Dass solche extremen Tendenzen kommen könnten, sagt Necip Söylemis, Geschäftsführer bei Artz-Reisen, „war für mich früher klar“. Seit Jahren bereite sich so mancher mit nichtdeutschen Wurzeln darauf vor, Deutschland beizeiten zu verlassen oder verlassen zu müssen, ist er sicher. Das sei die „stille Mehrheit“. „Wann kündigen Sie eine Freundschaft? Erst wenn sie geschlagen werden, oder schon, wenn Sie gemobbt werden?“, fragt Söylemis.
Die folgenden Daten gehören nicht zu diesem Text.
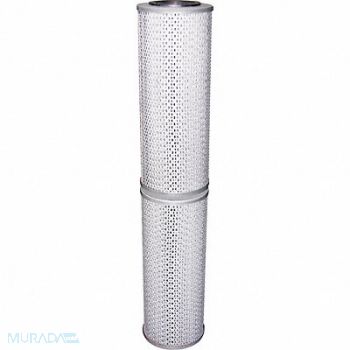 BALDWIN FILTERS Hydraulic Filter Element Only 18-15/16 L, 4ZUZ5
Was es hieße, wenn die AfD weiter Zulauf bekäme, solle man sich überlegen: „Wer pflegt denn dann noch, wer bringt die Pakete?“ Er analysiert das deutsche Gemüt so: „Es geht um Ungerechtigkeiten und darum, dass aus Einzelfällen immer gleich generalisiert wird.“ Das gelte für den arbeitsunwilligen Bürgergeldempfänger ebenso wie für den reichen Erben, der Steuern hinterzieht: Dann sind alle so. Akademiker aus einer Verwandtschaft hatten überlegt, nach Deutschland zu kommen, es dann aber vorgezogen, nach Kanada zu gehen: „Weil an der Supermarktkasse nicht differenziert wird.“ Dass die „Neiddebatte“ zu radikalen Ansichten führen kann, wundert ihn nicht: „Den Druck auf den Kessel gab es immer von unten, die Millionäre leben auch in der Krise gut.“ Die Deutschen, findet Söylemis, sollten sich auch überlegen, was das für die Wirtschaft bedeuten könnte: „Andere Länder werden sich die Finger lecken nach Leuten, die in Deutschland ausgebildet wurden.“ Er finde es gut, dass jetzt so viele Menschen auf die Straße gehen: „Aber abgerechnet wird am Schluss, bei den Wahlen in den Ländern und in der EU.“ Er selbst hat für sich schon klar: „Ich kann mein Geld hier oder woanders ausgeben. Wenn es krass wird, dann gehe ich weg.“

Der Gastronom Simone Vigna.
Der Gastronom Simone Vigna. © FUNKE Foto Services | Joshua Esters

Ganz anders blickt Simone Vigna auf die Lage: „Ich fühle mich von der Diskussion nicht betroffen.“ Er bereite den Deutschen doch keine Schwierigkeiten. „Ich habe immer nur gearbeitet, seit ich hier bin.“ Er sehe jedoch die Flüchtlingsproblematik auch aus der Perspektive des Italieners: „Da kommen die Flüchtlinge schneller an als in Deutschland. Und Italien und Deutschland allein können die Welt nicht retten“, findet der Gastronom, der soeben seine neue Villa Vigna in der Leucht eröffnet hat. Er könne verstehen, dass die Leute die Nase voll haben. Er sehe durchaus, dass es bei gänzlich unterschiedlichen Kulturkreisen mehr Probleme im Miteinander geben als unter Europäern. „Ich bin durchaus bereit, wieder zurück in mein Land zu gehen“, sagt der Italiener, wenn es denn dadurch ruhiger in Deutschland zugehen würde.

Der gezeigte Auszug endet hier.